Postgres Rules Preventing CTE Queries

痞子三分冷 提交于 2020-01-03 10:46:32

问题


Using Postgres 9.3:

I am attempting to automatically populate a table when an insert is performed on another table. This seems like a good use for rules, but after adding the rule to the first table, I am no longer able to perform inserts into the second table using the writable CTE. Here is an example:

CREATE TABLE foo (
    id INT PRIMARY KEY
);

CREATE TABLE bar (
    id INT PRIMARY KEY REFERENCES foo
);

CREATE RULE insertFoo AS ON INSERT TO foo DO INSERT INTO bar VALUES (NEW.id);

WITH a AS (SELECT * FROM (VALUES (1), (2)) b)
INSERT INTO foo SELECT * FROM a

When this is run, I get the error

"ERROR: WITH cannot be used in a query that is rewritten by rules into multiple queries".

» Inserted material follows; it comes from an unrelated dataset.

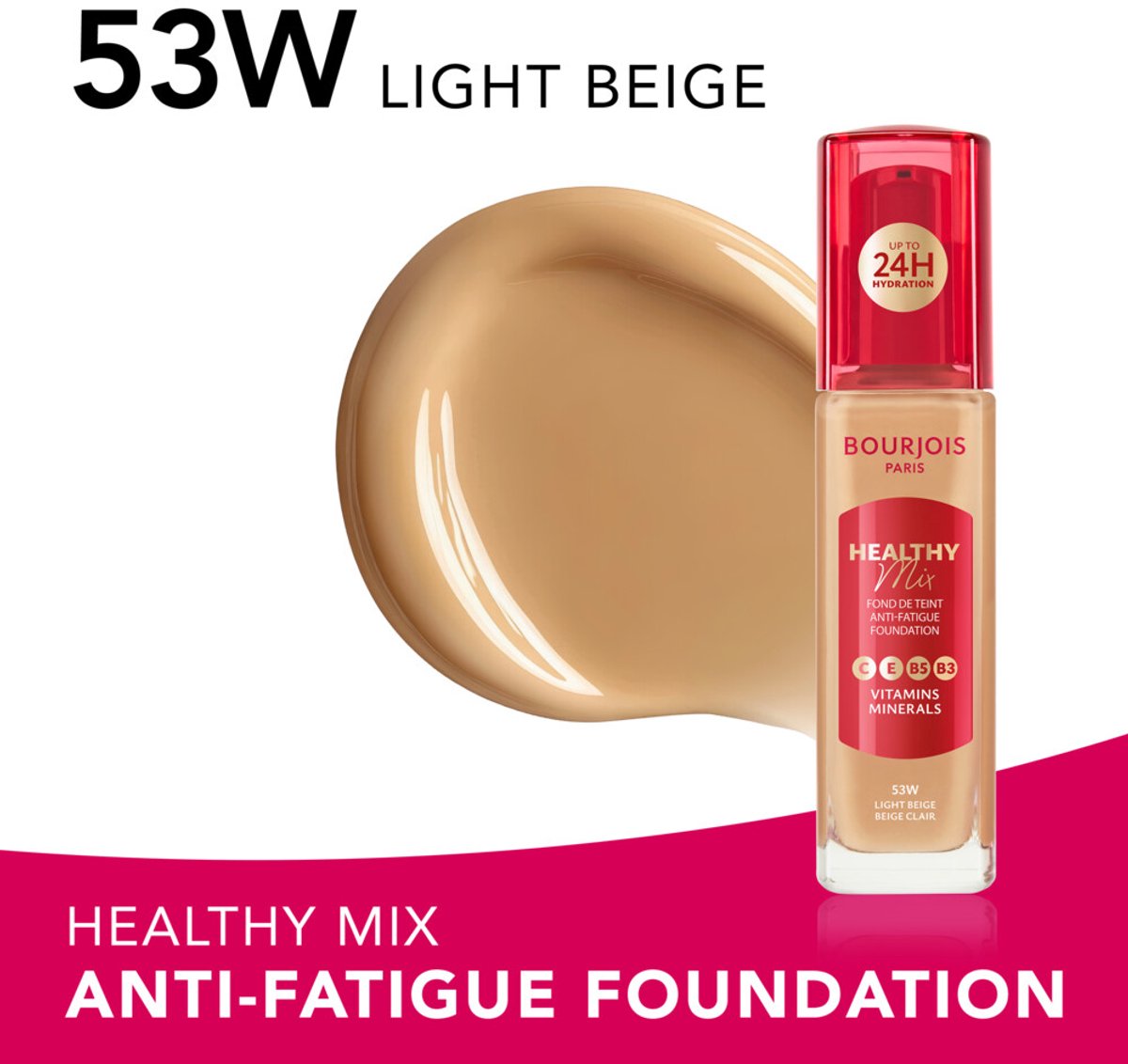 Bourjois Healthy Mix Anti-Fatigue Foundation 53W Light Beige - 30 ml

I have searched for that error string, but am only able to find links to the source code. I know that I can perform the above using row-level triggers instead, but it seems like I should be able to do this at the statement level. Why can I not use the writable CTE, when queries like this can (in this case) be easily re-written as:

INSERT INTO foo SELECT * FROM (VALUES (1), (2)) a

Does anyone know of another way that would accomplish what I am attempting to do other than 1) using rules, which prevents the use of "with" queries, or 2) using row-level triggers? Thanks,         


回答1:


TL;DR: use triggers, not rules.

Generally speaking, prefer triggers over rules, unless rules are absolutely necessary. (Which, in practice, they never are.)

Using rules introduces heaps of problems which will needlessly complicate your life down the road. You've run into one here. Another (major) one is, for instance, that the number of affected rows will correspond to that of the very last query -- if you're relying on FOUND somewhere and your query is incorrectly reporting that no rows were affected by a query, you'll be in for painful bugs.

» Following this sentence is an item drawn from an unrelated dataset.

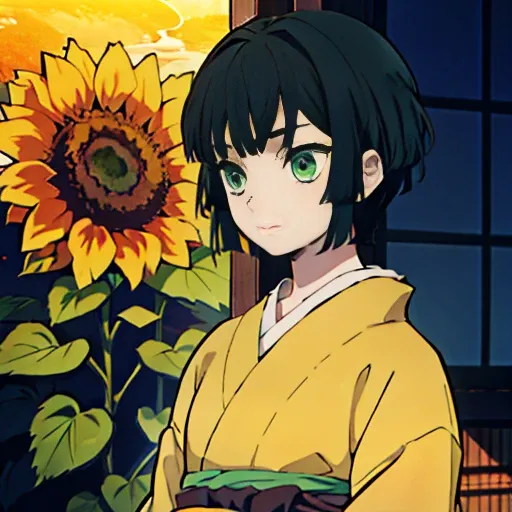 a girl with very short hair and green eyes is brown, com capa Kimono Sunflower Demon Slayer com uma katana com um rosto fofo 13 anos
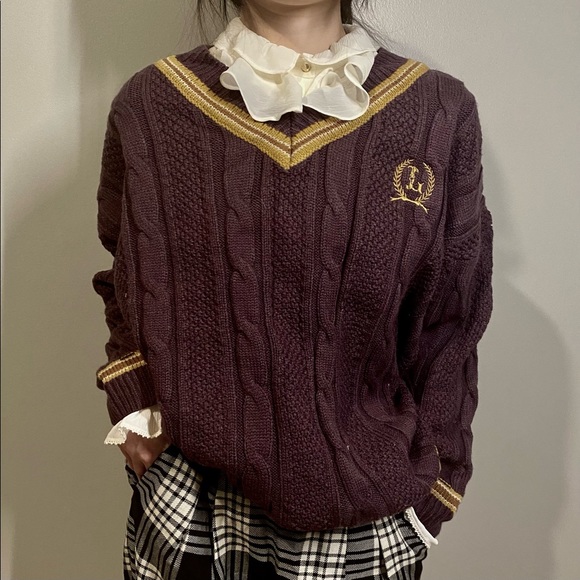 Purple Academia Sweater - Picture 3 of 4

Moreover, there's occasional talk of deprecating Postgres rules outright:

http://postgresql.nabble.com/Deprecating-RULES-td5727689.html




回答2:


As the other answer I definitely recommend using INSTEAD OF triggers before RULEs.

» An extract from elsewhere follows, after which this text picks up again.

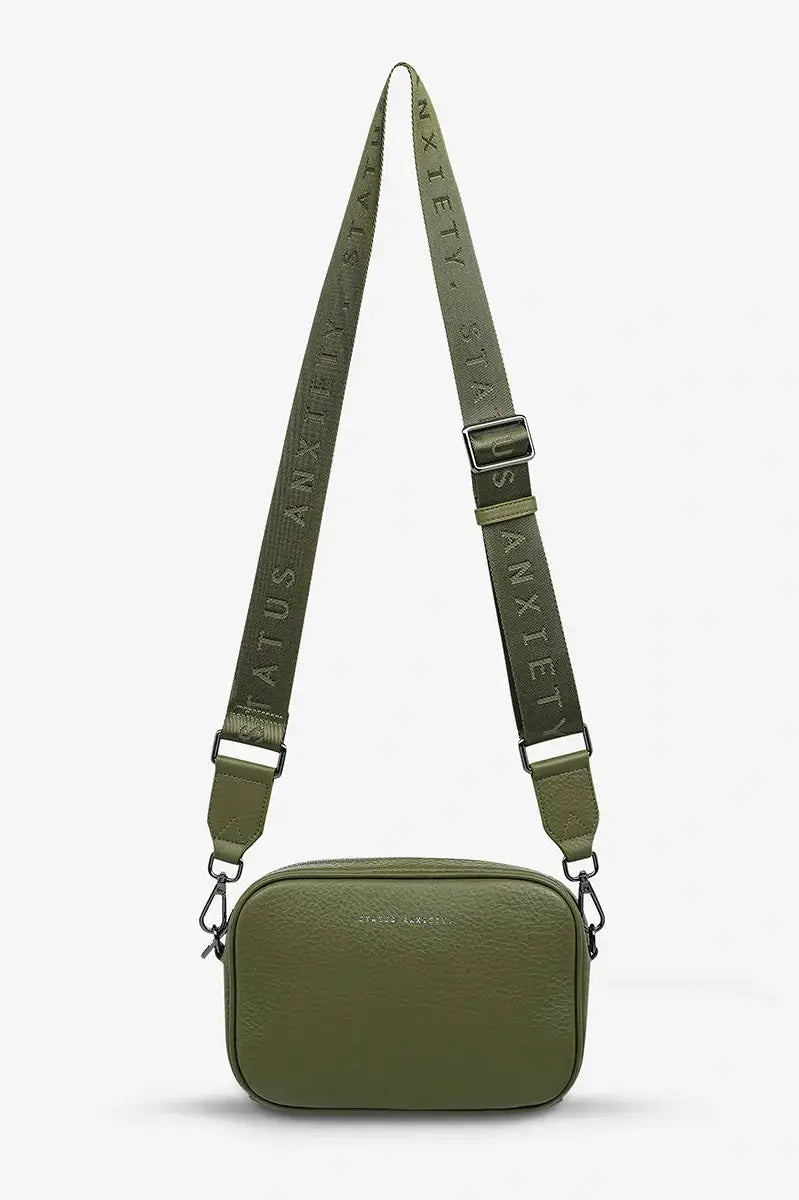 Status anxiety plunder bag with webbed strap - khaki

However if for some reason you don't want to change existing VIEW RULEs and still want use WITH you can do so by wrapping the VIEW in a stored procedure:

create function insert_foo(int) returns void as $$ 
  insert into foo values ($1) 
$$ language sql;

WITH a AS (SELECT * FROM (VALUES (1), (2)) b)
SELECT insert_foo(a.column1) from a;

This could be useful when using some legacy db through some system that wraps statements with CTEs.